With pictures excluded, repeat exactly the lines from the one containing "Table basse Bois" through the last line of the material below.
+++ Exercise material +++
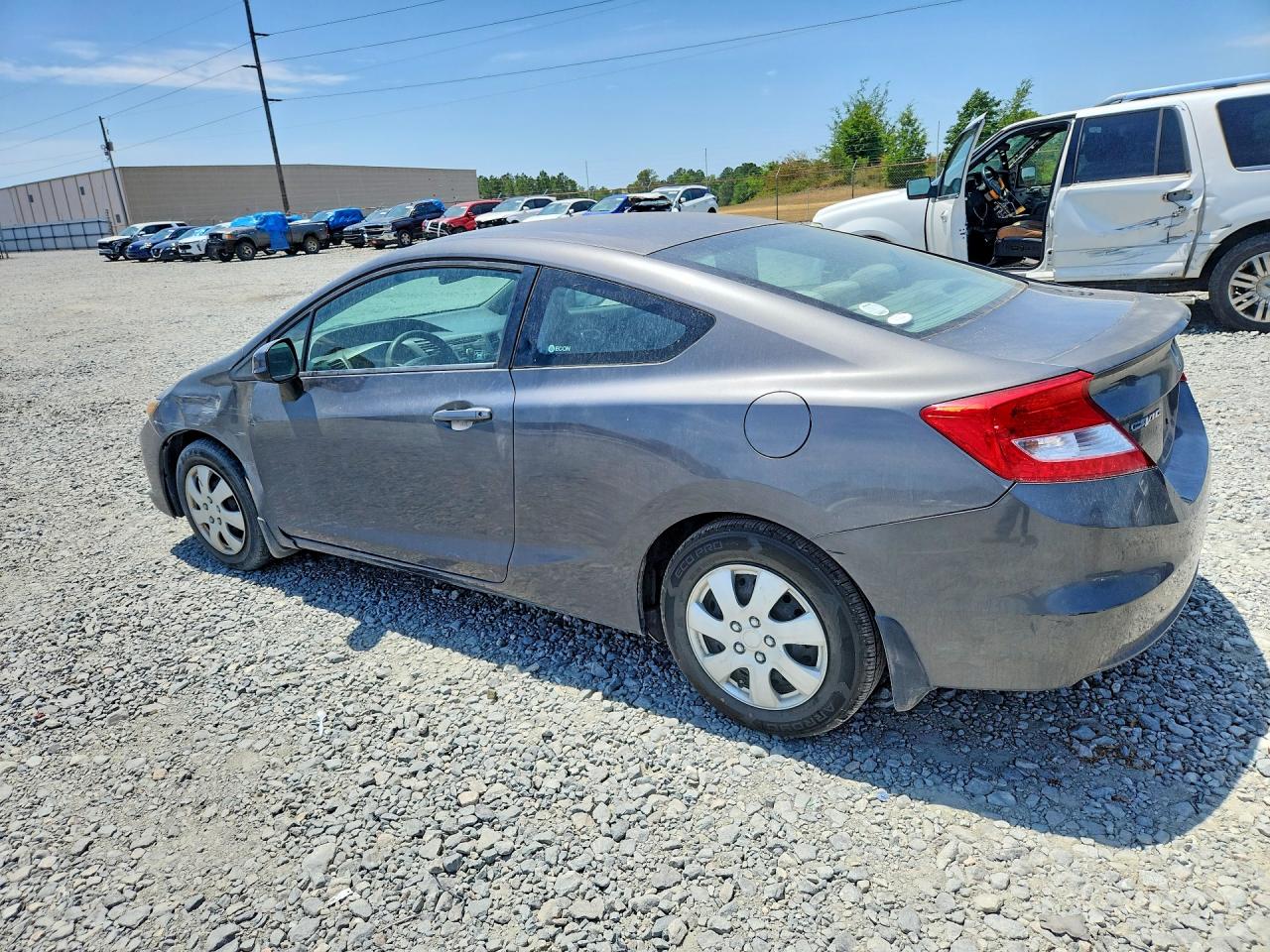 2012 Honda Civic Lx Gray vin: 2HGFG3B59CH566367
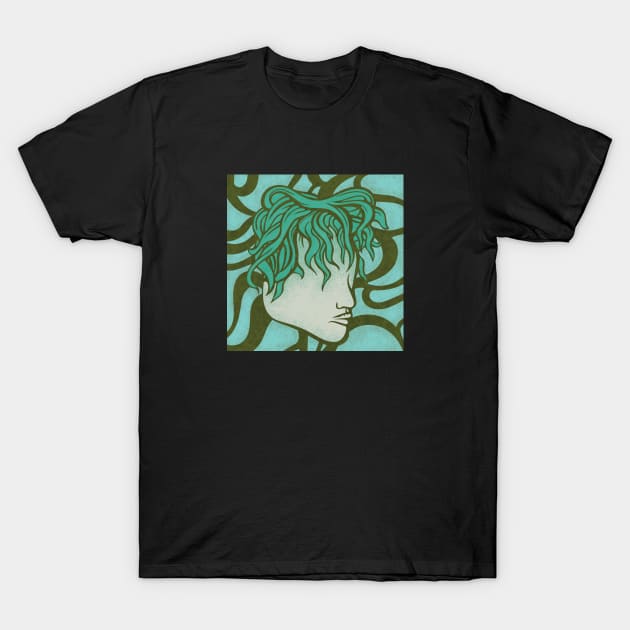 Shaggy Head T-Shirt by Visual Intrigue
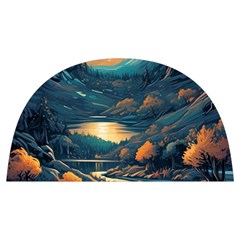 Forest River Night Evening Moon Anti Scalding Pot Cap by pakminggu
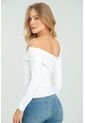 Top Escote Asimetrico Blanco Ragged Pf13120825 de Ragged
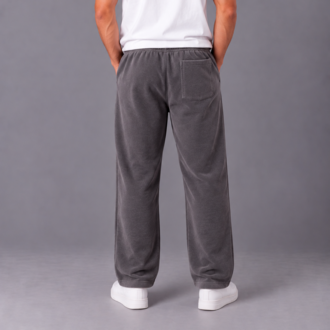 Relax Fit Gri Bağcıklı Eşofman Altı 
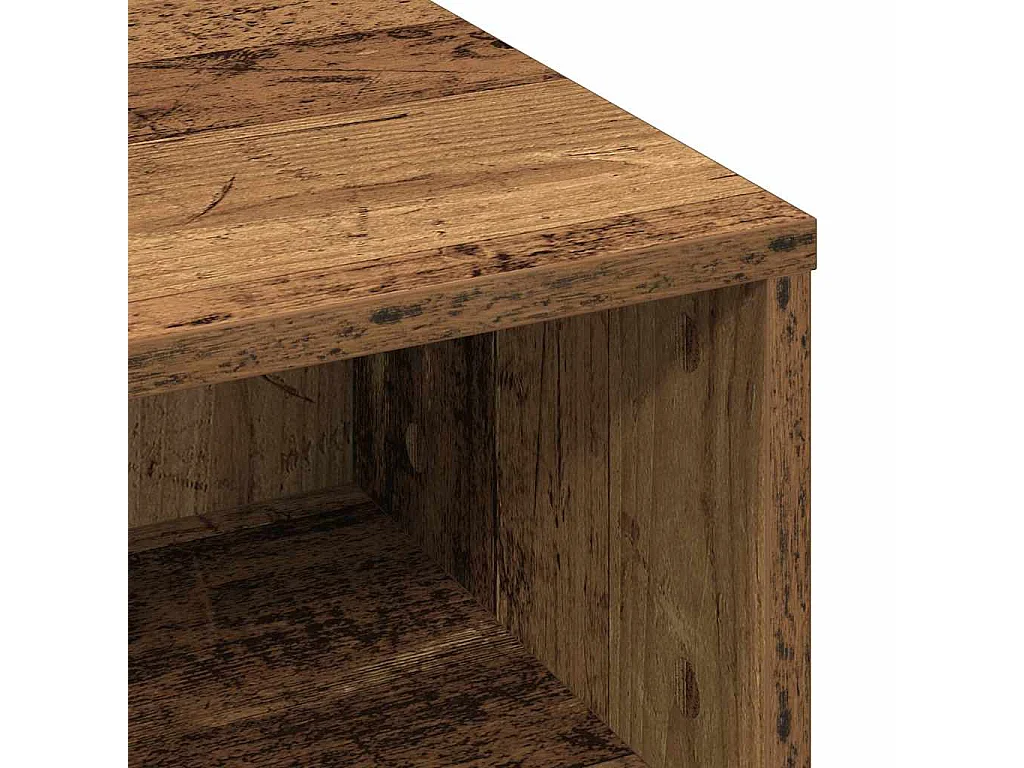 Table basse Bois ancien 60 x 60 x 30 cm Bois d'ingénierie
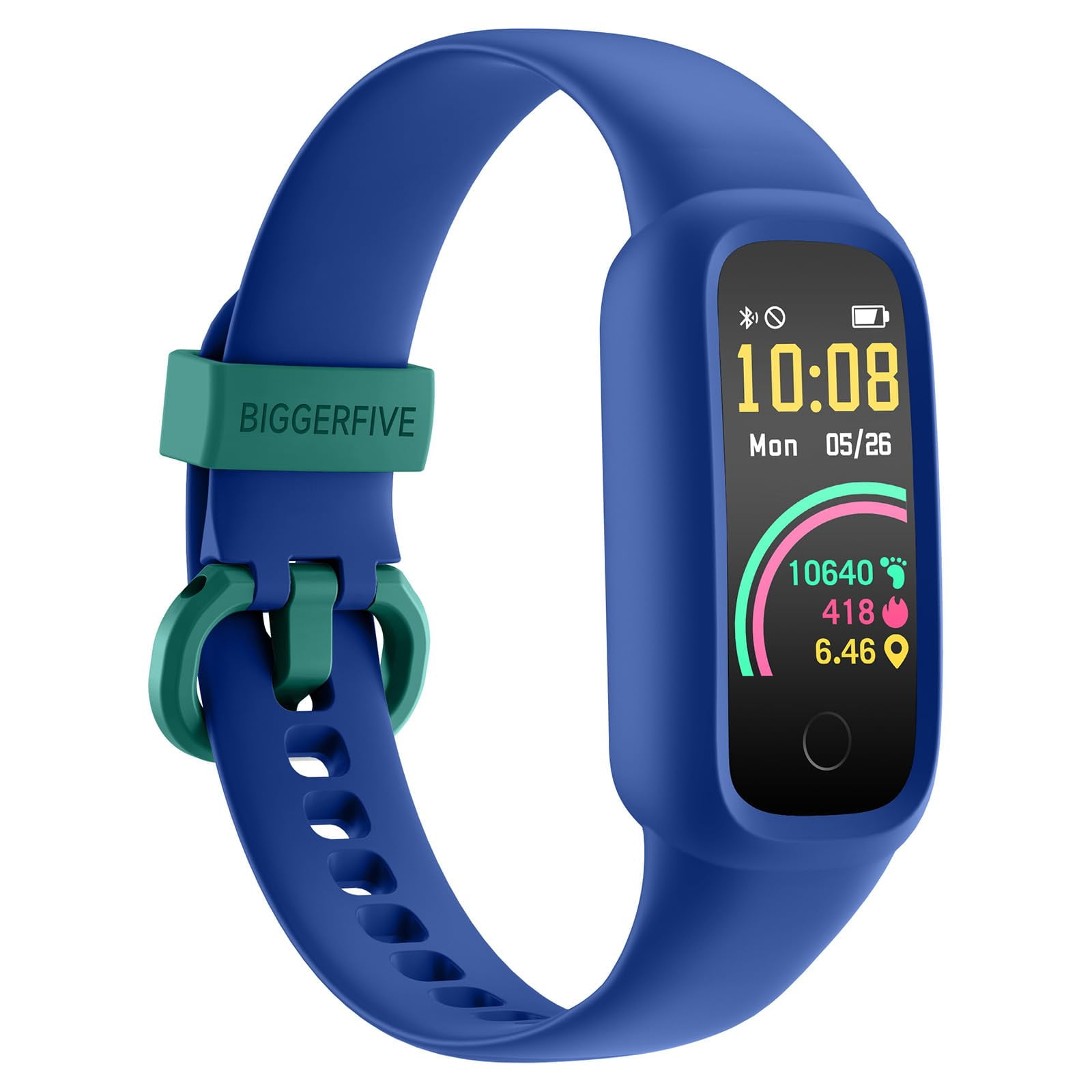 BIGGERFIVE Vigor 2 L Kids Fitness Tracker Watch for Boys Girls Ages 5 15 Activity Tracker Heart Rate Sleep Monitor IP68 Waterproof Pedometer Calorie Step Counter Watch Blue Walmart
+++
- [Task output]
 Table basse Bois ancien 60 x 60 x 30 cm Bois d'ingénierie
 BIGGERFIVE Vigor 2 L Kids Fitness Tracker Watch for Boys Girls Ages 5 15 Activity Tracker Heart Rate Sleep Monitor IP68 Waterproof Pedometer Calorie Step Counter Watch Blue Walmart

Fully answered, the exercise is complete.